The characteristic colour of the phæodium exhibits numerous different tints between green, brown, and black. It seems to be in the majority blackish-brown or greenish-brown, very often olive, more rarely almost quite green or red-brown. Usually the colour is so dark, intense and opaque, that the parts enclosed by the phæodium, mainly the oral hemisphere of the central capsule and the astropyle, are completely hidden in it. The chemical composition of the phæodium demands further accurate researches; unfortunately I have not been able to make out its true nature, since numerous different experiments furnished no certain general results.

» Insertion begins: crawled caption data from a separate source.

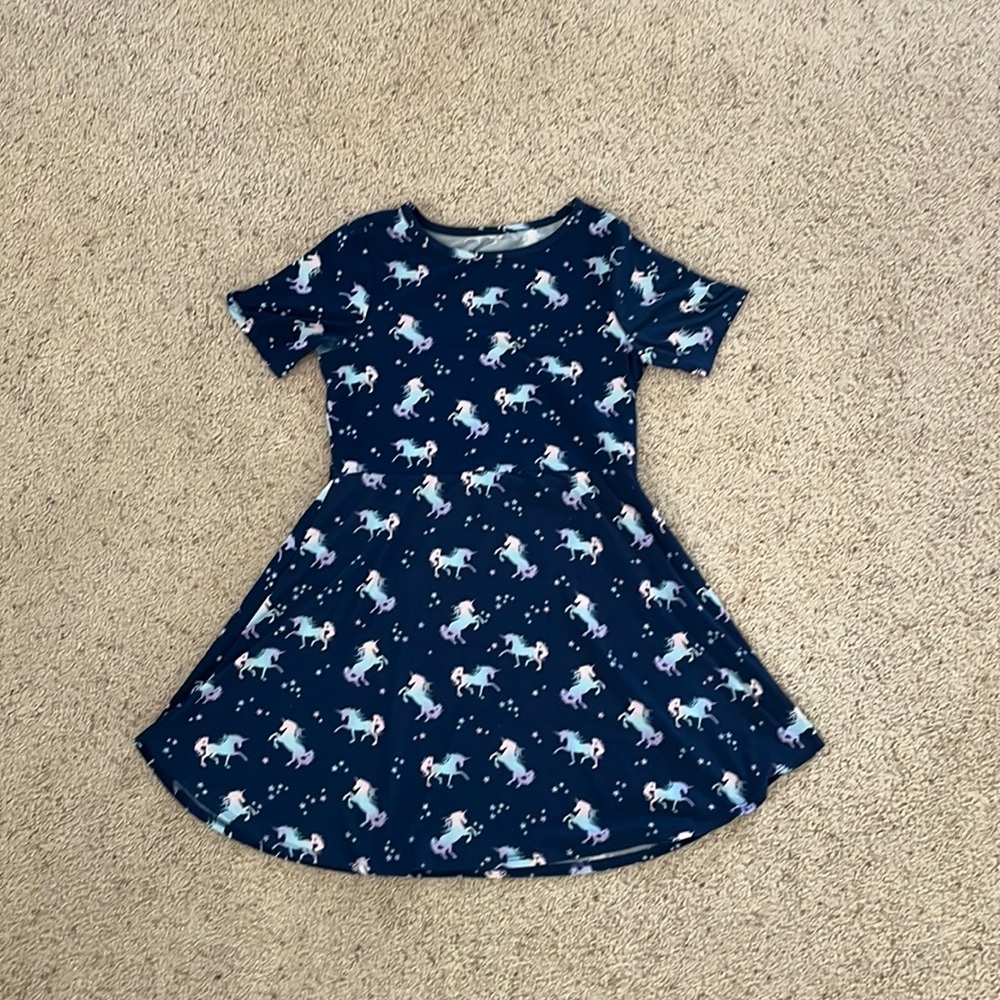 Girls blue unicorn dress. Size: L (10-12).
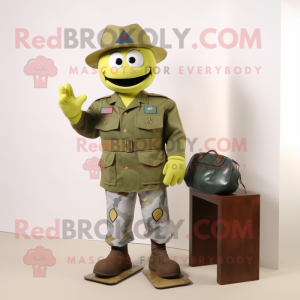 Olive American Soldier mascot costume character dressed with a Boyfriend Jeans and Wallets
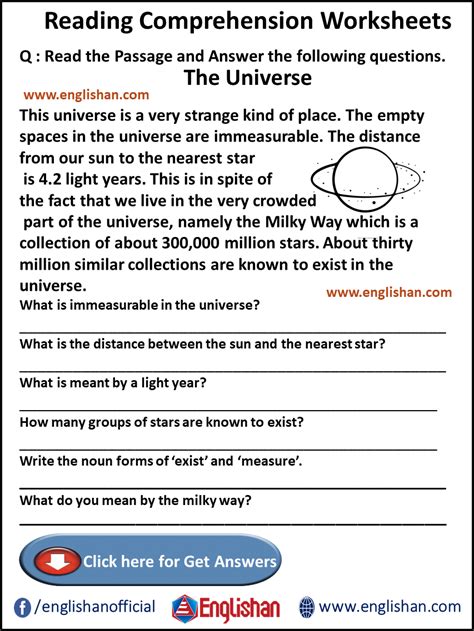 Teaching reading comprehension with one page worksheets, handouts and activities to help english language learners expand their vocabulary and improve their fluency. Reading Comprehension Worksheets PDF with Answer
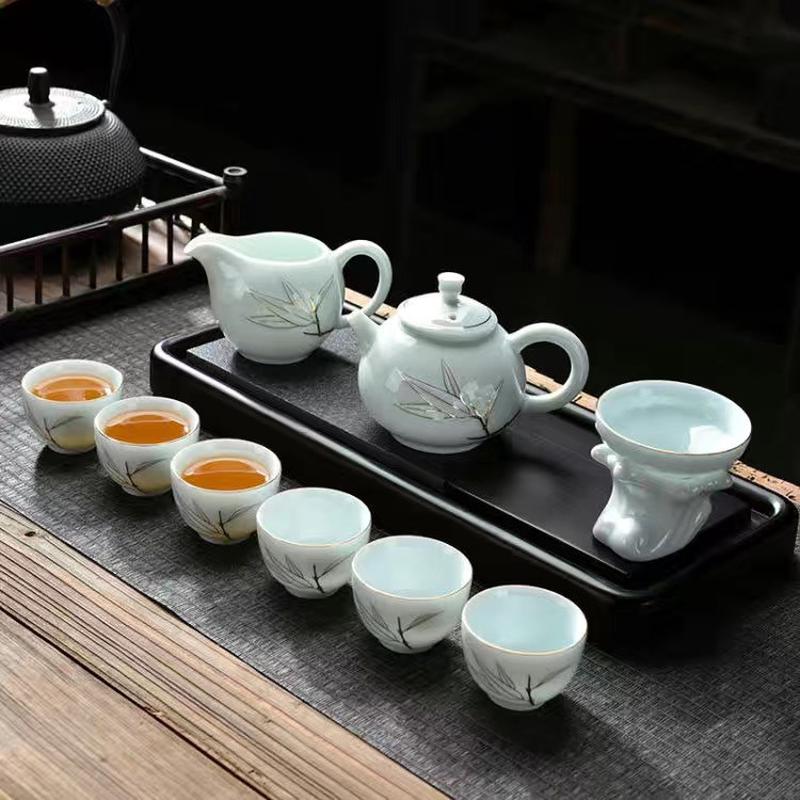 简约三才盖碗茶杯青花描金陶瓷家用待客整套礼品功夫茶具套装批发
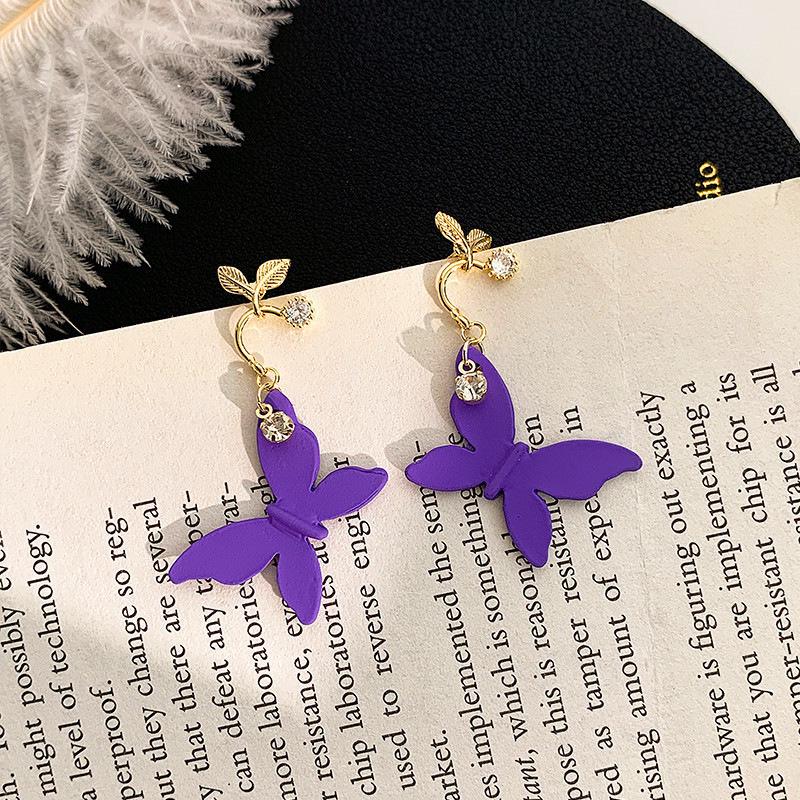 S925 Silver Forest-Inspired Purple Butterfly Asymmetrical Stud Earrings - 2023 Trendy Women s Ear Accessories 1A205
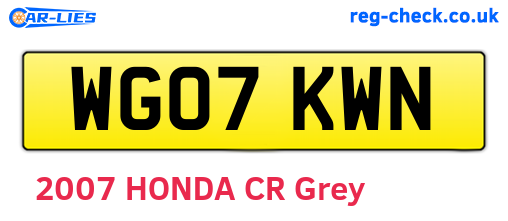 WG07KWN are the vehicle registration plates.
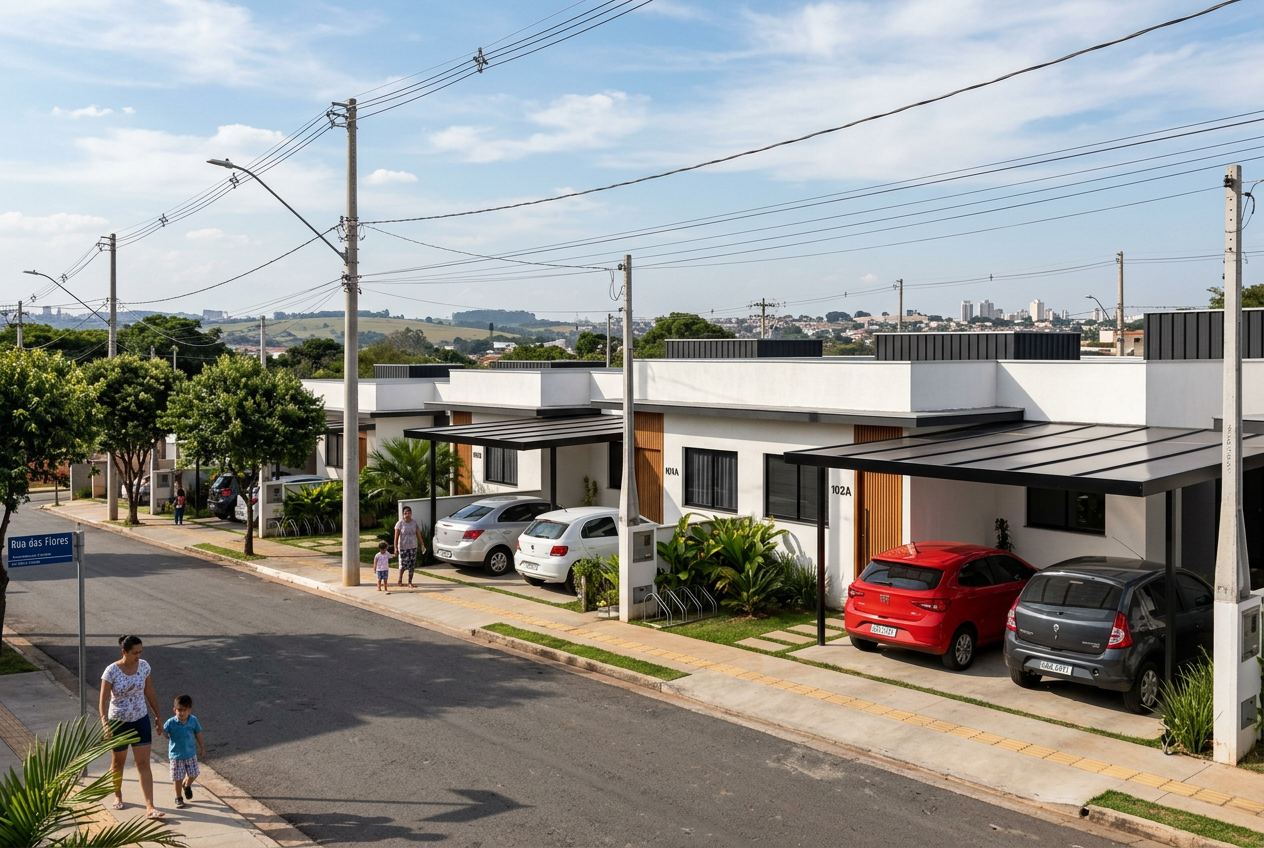 Conjunto de casas geminadas do Residencial Nova Jardins vistas da rua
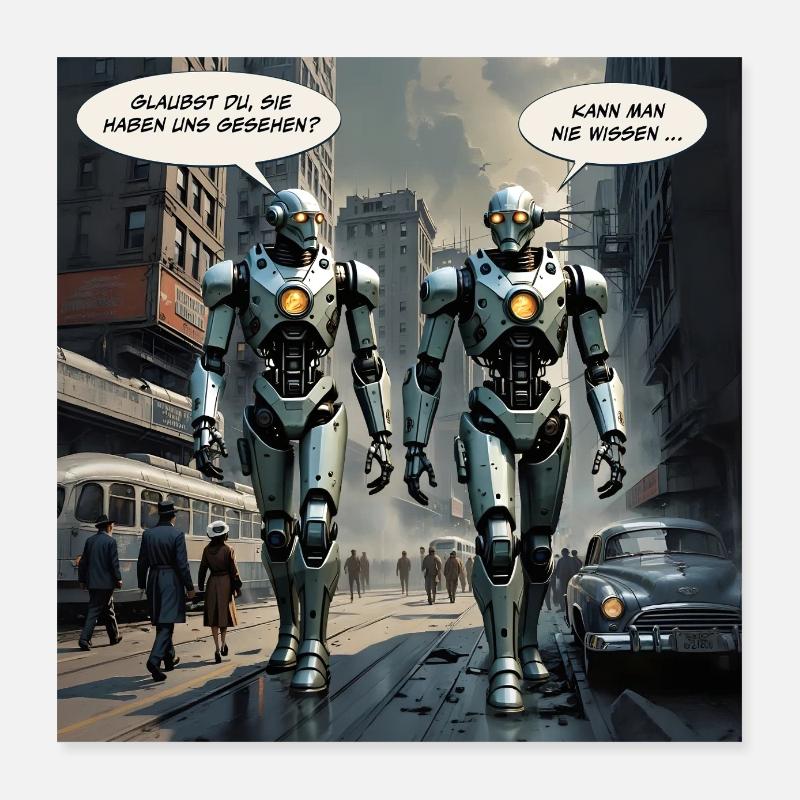 Robots – « Pensez-vous qu’ils nous ont vus ? » Poster 40 x 40 cm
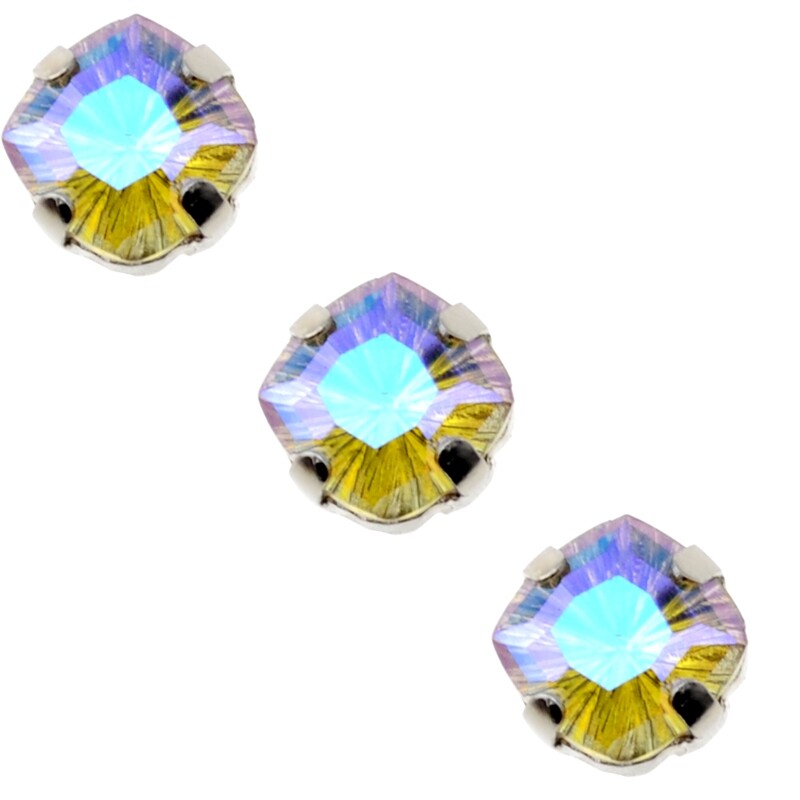 Strassperlen Crystal AB  in der Fassung 8mm zum Aufnähen / 1 Stück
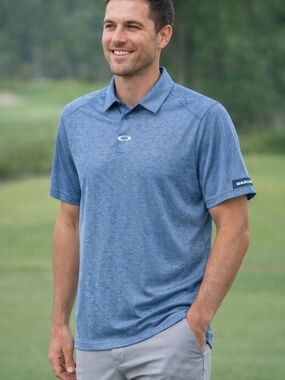 Oakley Golf Polo Shirt XL Blue Performance Athletic Logo Sleeve Mens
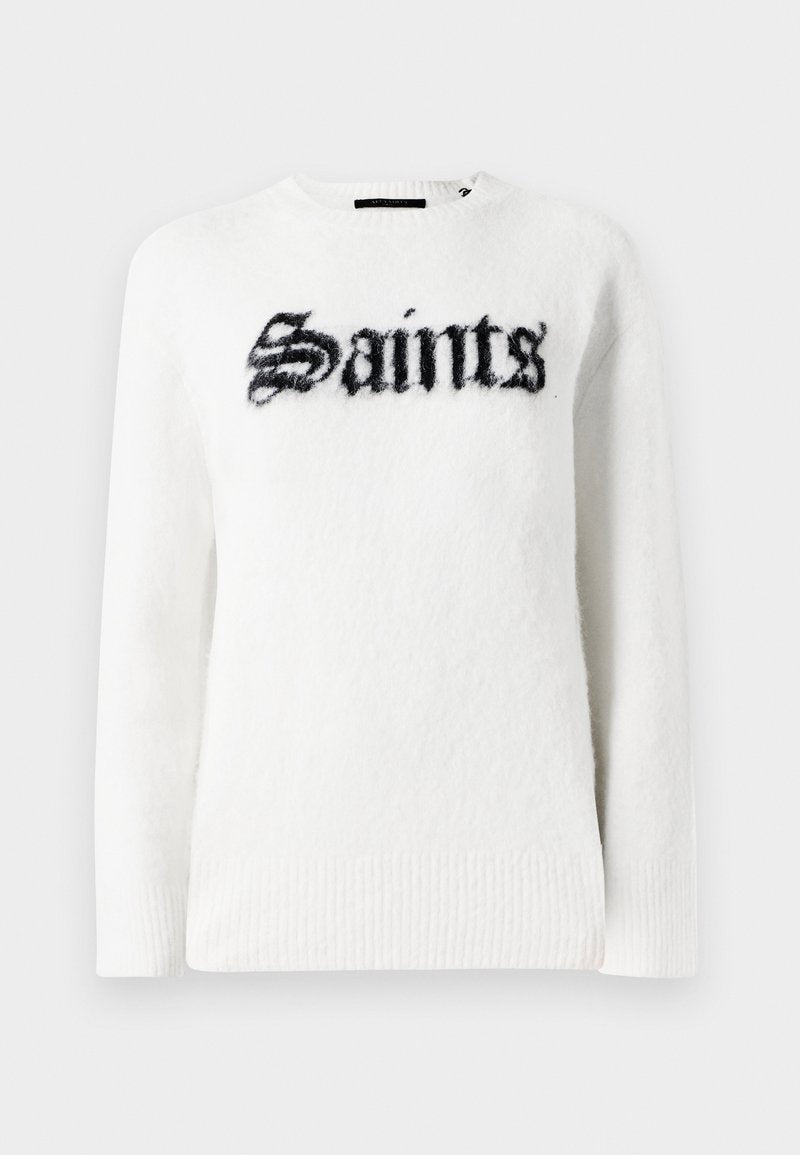 Weißer Pullover aus plüschigem Material mit einem schwarzen "Saints"-Grafikdesign auf der Vorderseite. Rundhalsausschnitt, lange Ärmel und gerippte Saumverarbeitung.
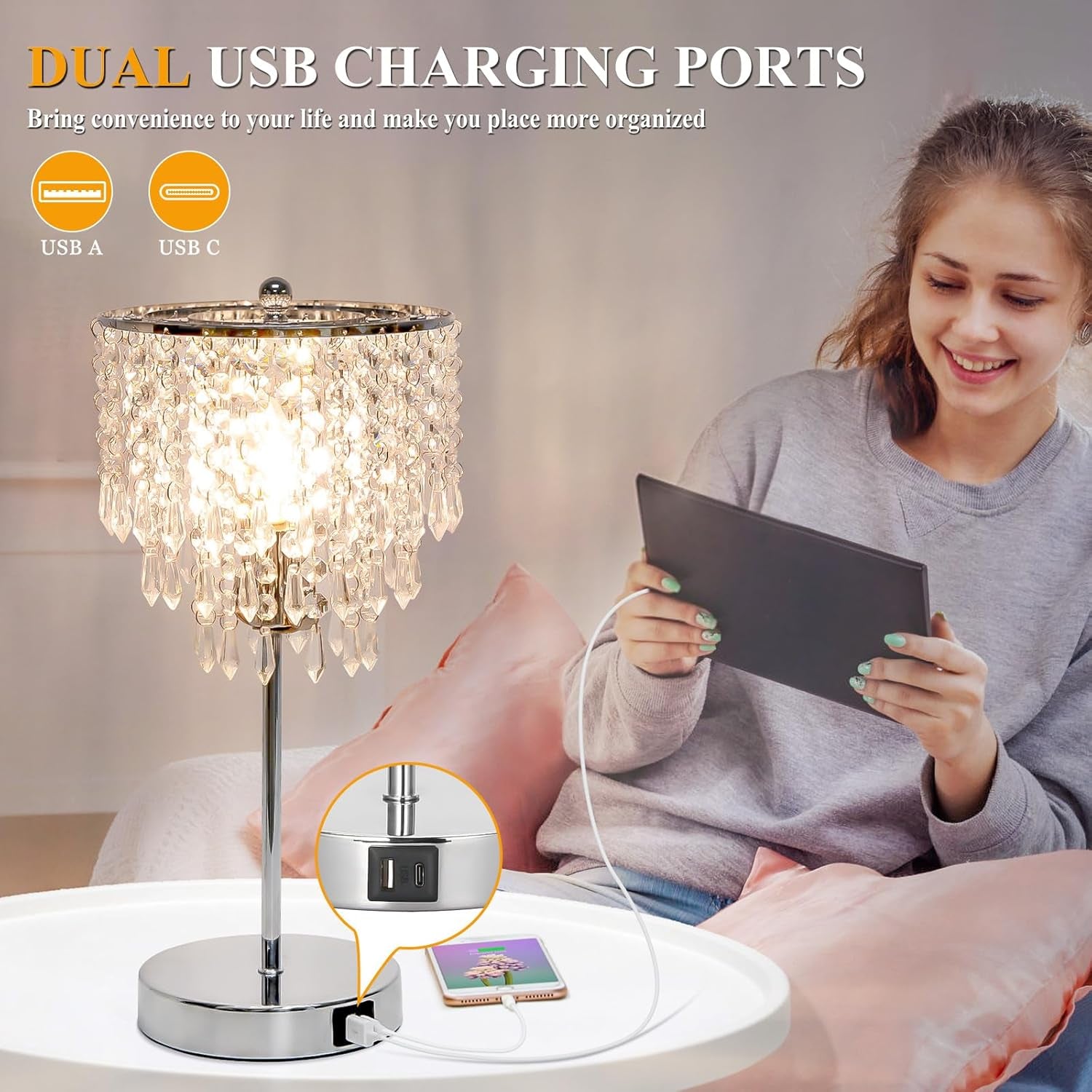 Touch Control Crystal Table Lamp with Dual USB Charging Ports, 3-Way Dimmable Bedside Touch Lamp Decorative Nightstand Lamp with Elegant Lamp Shade for Living Room Bedroom, B11 LED Bulb Included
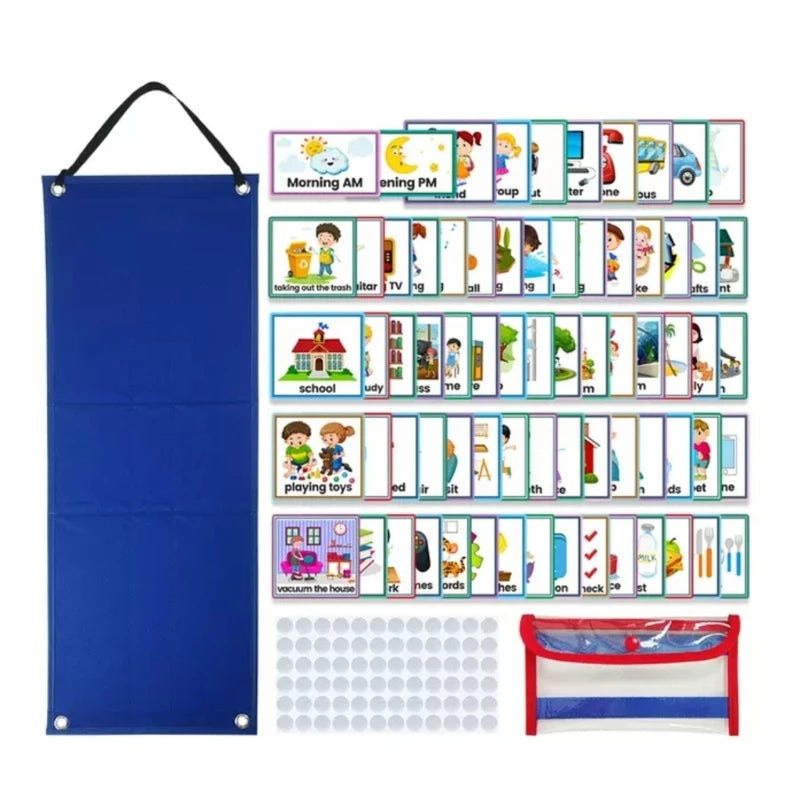 Children Daily Routine Chart with 70 Cards Visual Schedule Chart for Kids Toddler Autism Preschool Homeschool Activities R9UA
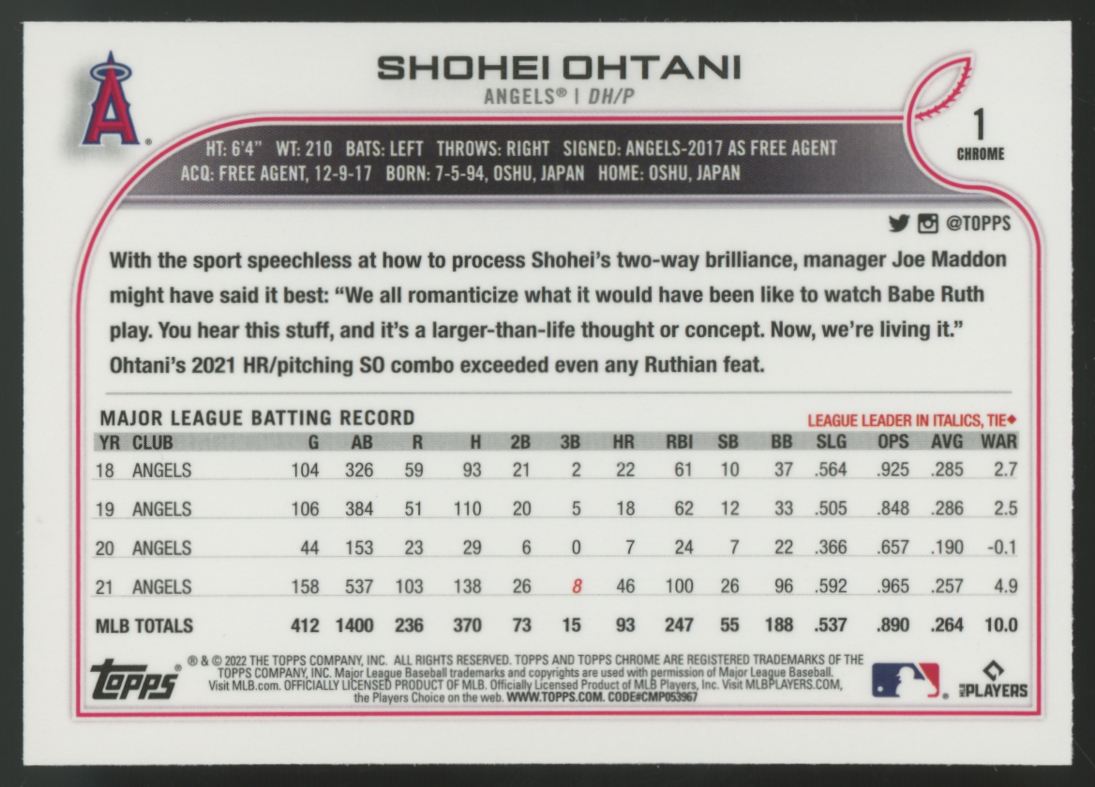 2022 Topps Chrome Shohei Ohtani Prism Refractor #1 "A"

The phæodella, or the pigment-corpuscles, which compose the phæodium, aggregated in hundreds, and in the bigger species in thousands, are usually spherical, sometimes somewhat ellipsoidal, at other times spheroidal or lenticular; but usually numerous smaller, irregular, roundish particles are intermingled between the larger and more regular corpuscles, and often the main mass forms a very fine black powder. The size of the phæodella is very variable, not only in the different species, but also in one and the same individual. The larger phæodella have a diameter of 0.01 to 0.02, the smaller of 0.004 to 0.008 mm.; but there also occur very big forms of 0.04 to 0.05 mm., or even more, and very small ones of 0.001 mm. or less. Usually the phæodium appears as an aggregate of numerous larger and smaller phæodella, which are very different in size as well as in the intensity and tint of their colour, and are irregularly crowded in a black, powder-like substance.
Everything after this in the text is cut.